*RECORDS SUPPLIED*
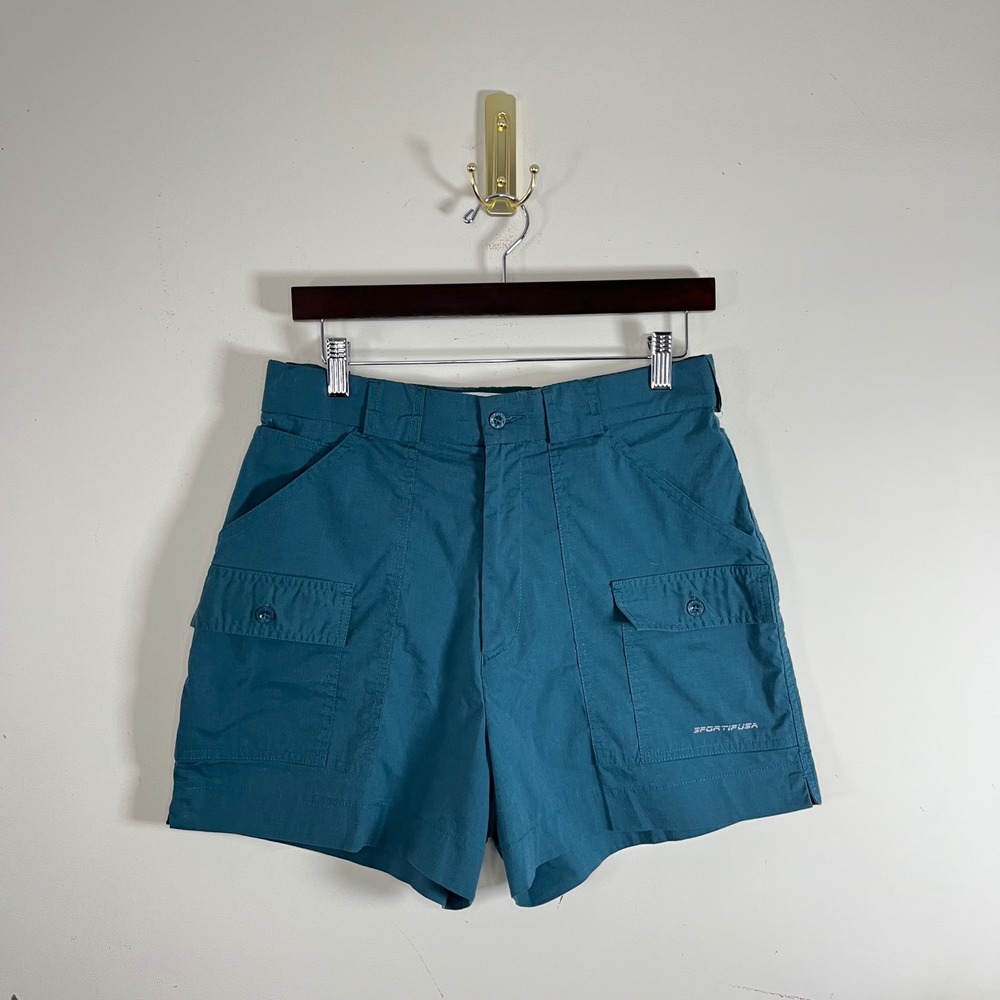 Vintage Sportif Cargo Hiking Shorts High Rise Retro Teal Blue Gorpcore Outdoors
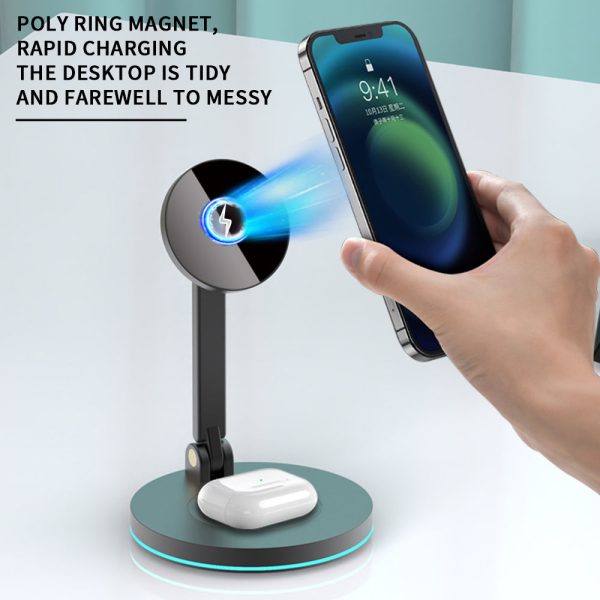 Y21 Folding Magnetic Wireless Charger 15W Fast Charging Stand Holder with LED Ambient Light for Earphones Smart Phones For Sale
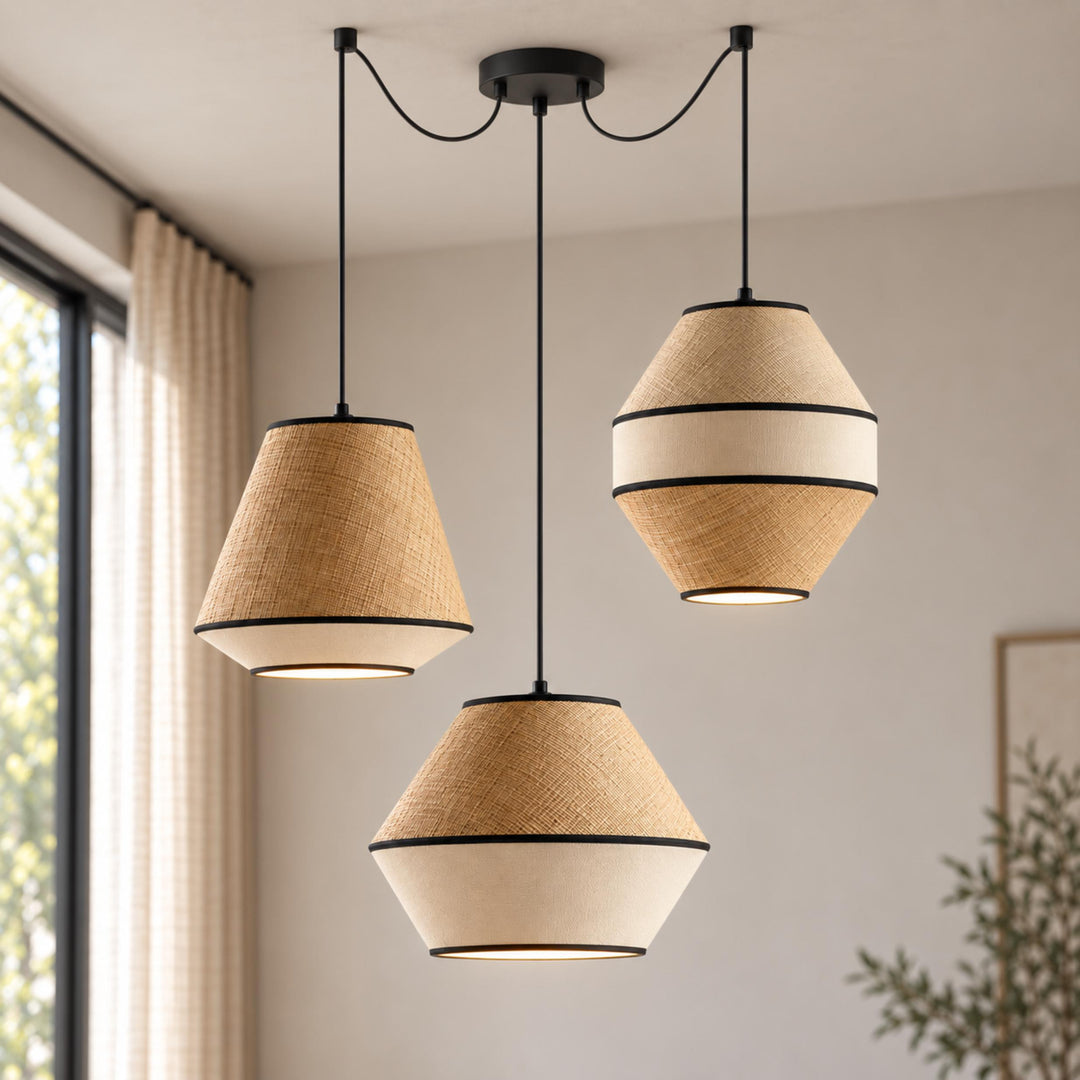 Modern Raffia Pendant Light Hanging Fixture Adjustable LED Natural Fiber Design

==

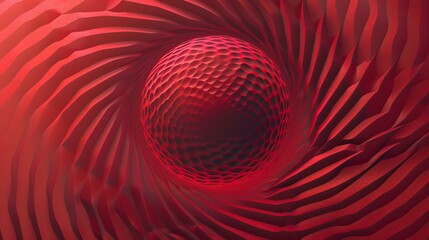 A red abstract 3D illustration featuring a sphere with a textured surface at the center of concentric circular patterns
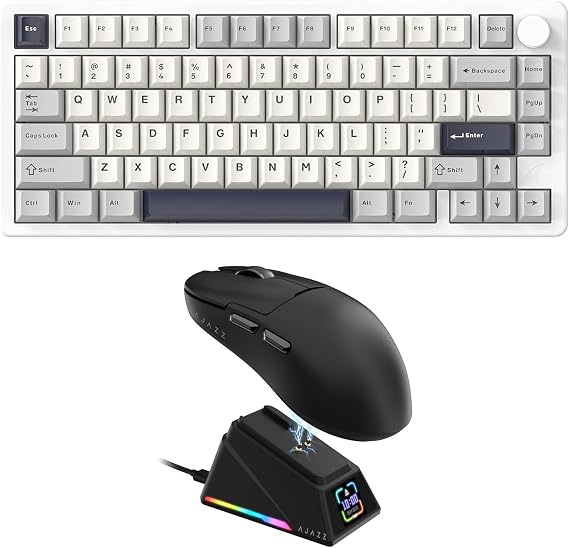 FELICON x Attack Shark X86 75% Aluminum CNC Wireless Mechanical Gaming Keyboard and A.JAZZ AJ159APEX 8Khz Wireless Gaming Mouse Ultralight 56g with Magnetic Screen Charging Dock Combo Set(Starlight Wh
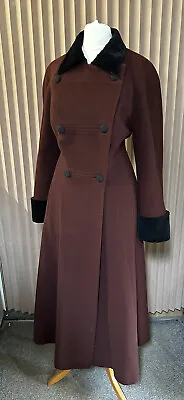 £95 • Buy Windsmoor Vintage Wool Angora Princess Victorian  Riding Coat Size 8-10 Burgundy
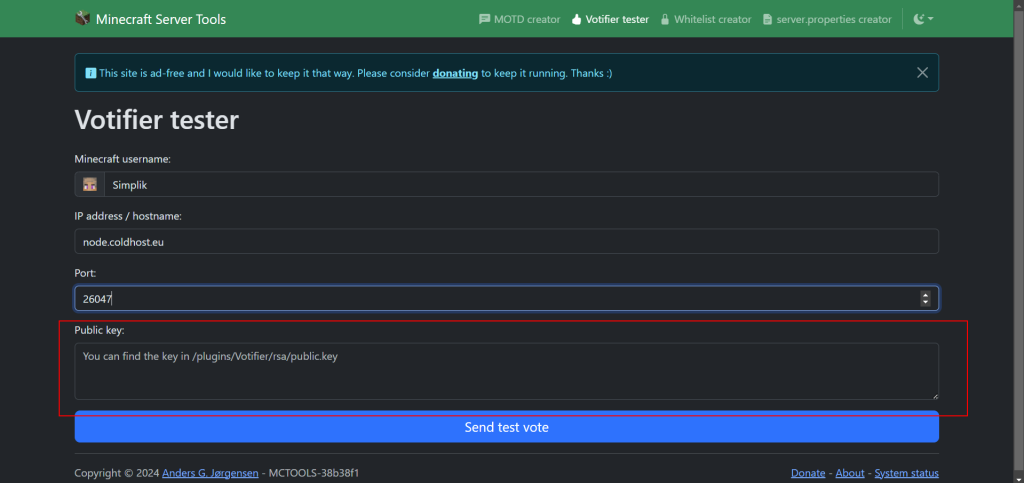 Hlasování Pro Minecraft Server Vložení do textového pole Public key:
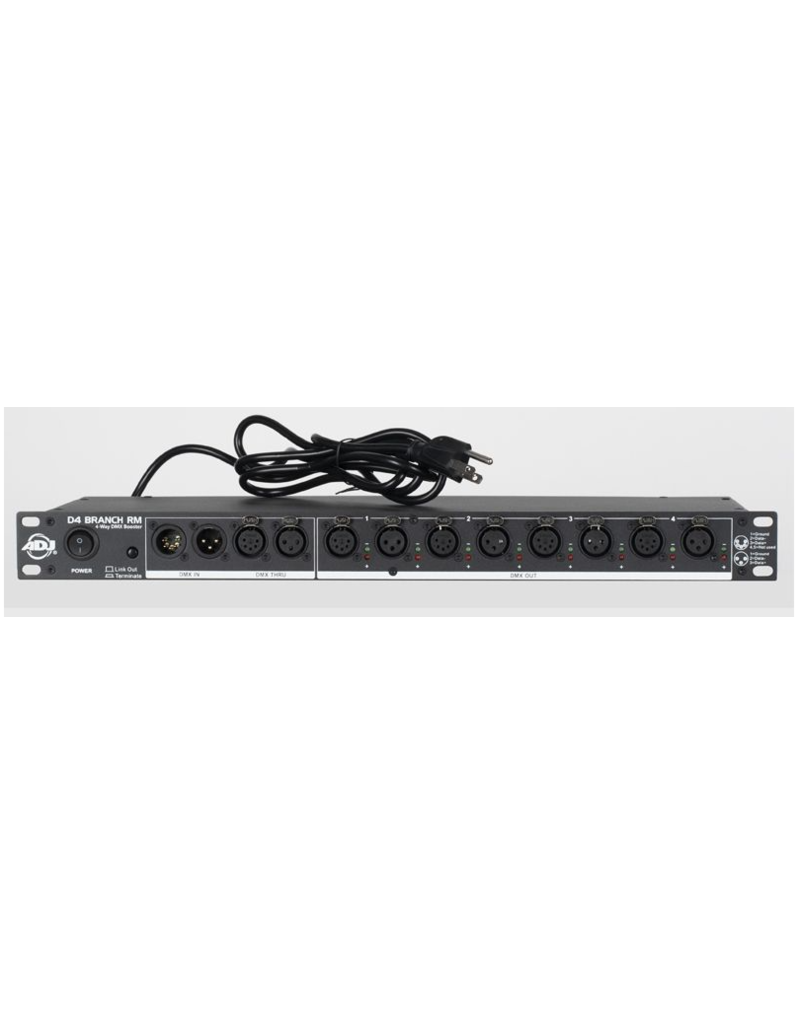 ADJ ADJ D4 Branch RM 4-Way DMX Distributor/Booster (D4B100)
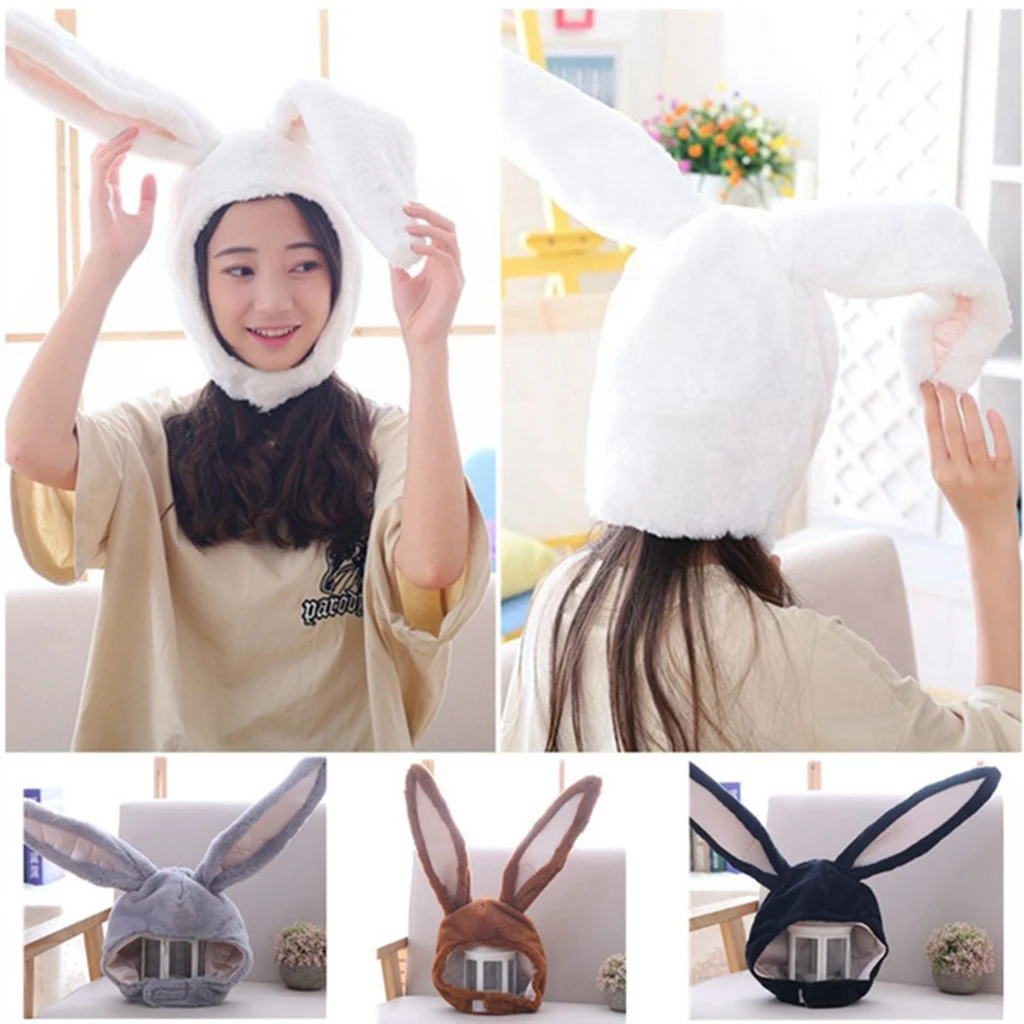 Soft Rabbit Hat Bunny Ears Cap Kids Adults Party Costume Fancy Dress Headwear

--

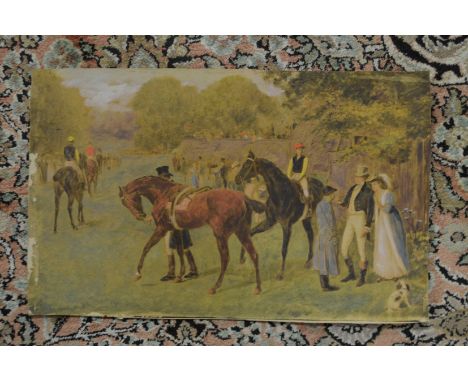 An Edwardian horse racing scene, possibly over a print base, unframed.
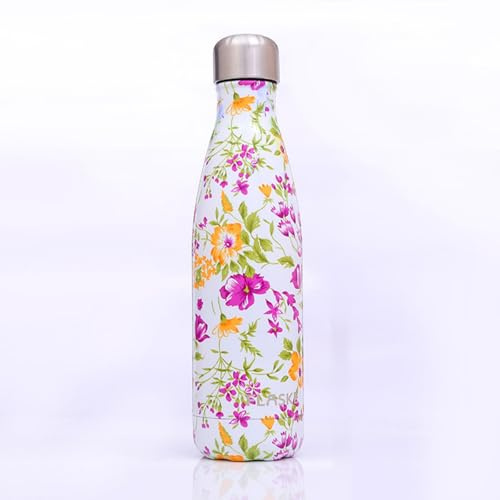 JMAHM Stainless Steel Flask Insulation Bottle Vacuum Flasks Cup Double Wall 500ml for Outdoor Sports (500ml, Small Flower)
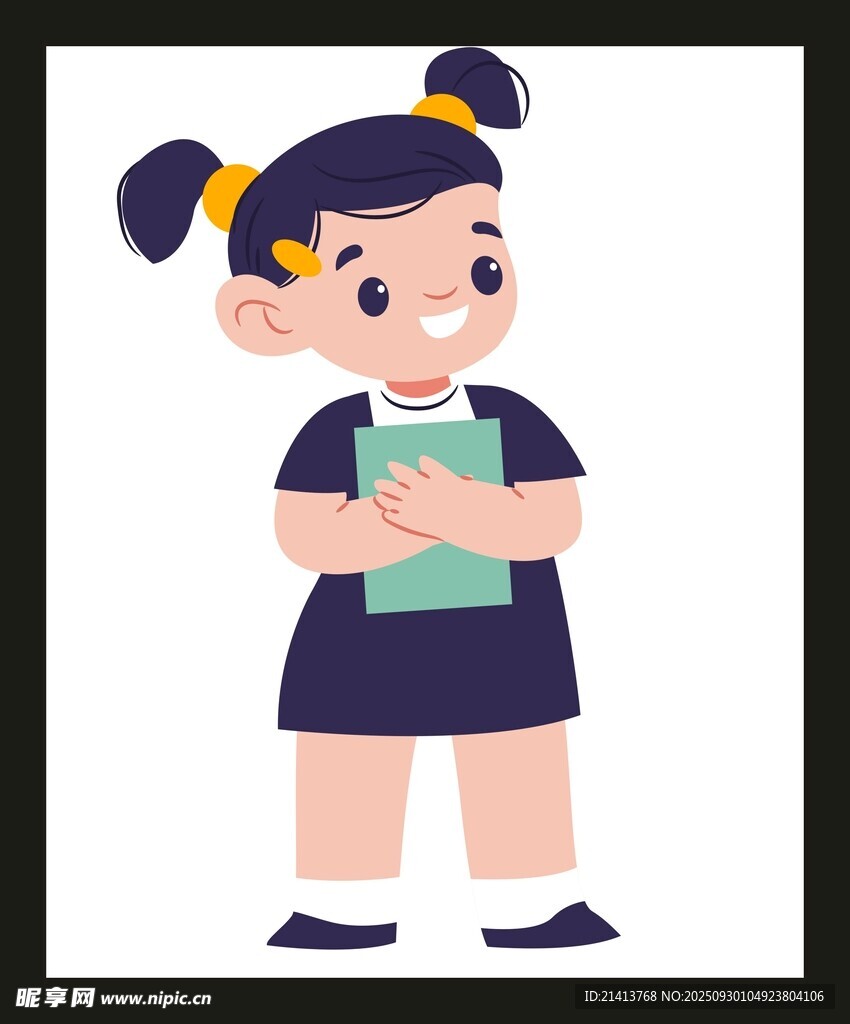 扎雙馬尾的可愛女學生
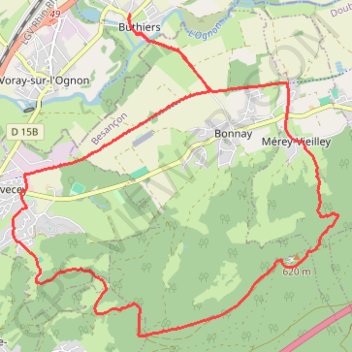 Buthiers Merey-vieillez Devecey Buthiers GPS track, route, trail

*WHAT IS REQUIRED*
Only one stretch of the entries above is needed: the lines from the one containing "FELICON x Attack" through the one containing "Soft Rabbit Hat". Copy it exactly, without the pictures.

*SOLUTION*
 FELICON x Attack Shark X86 75% Aluminum CNC Wireless Mechanical Gaming Keyboard and A.JAZZ AJ159APEX 8Khz Wireless Gaming Mouse Ultralight 56g with Magnetic Screen Charging Dock Combo Set(Starlight Wh
 £95 • Buy Windsmoor Vintage Wool Angora Princess Victorian  Riding Coat Size 8-10 Burgundy
 Hlasování Pro Minecraft Server Vložení do textového pole Public key:
 ADJ ADJ D4 Branch RM 4-Way DMX Distributor/Booster (D4B100)
 Soft Rabbit Hat Bunny Ears Cap Kids Adults Party Costume Fancy Dress Headwear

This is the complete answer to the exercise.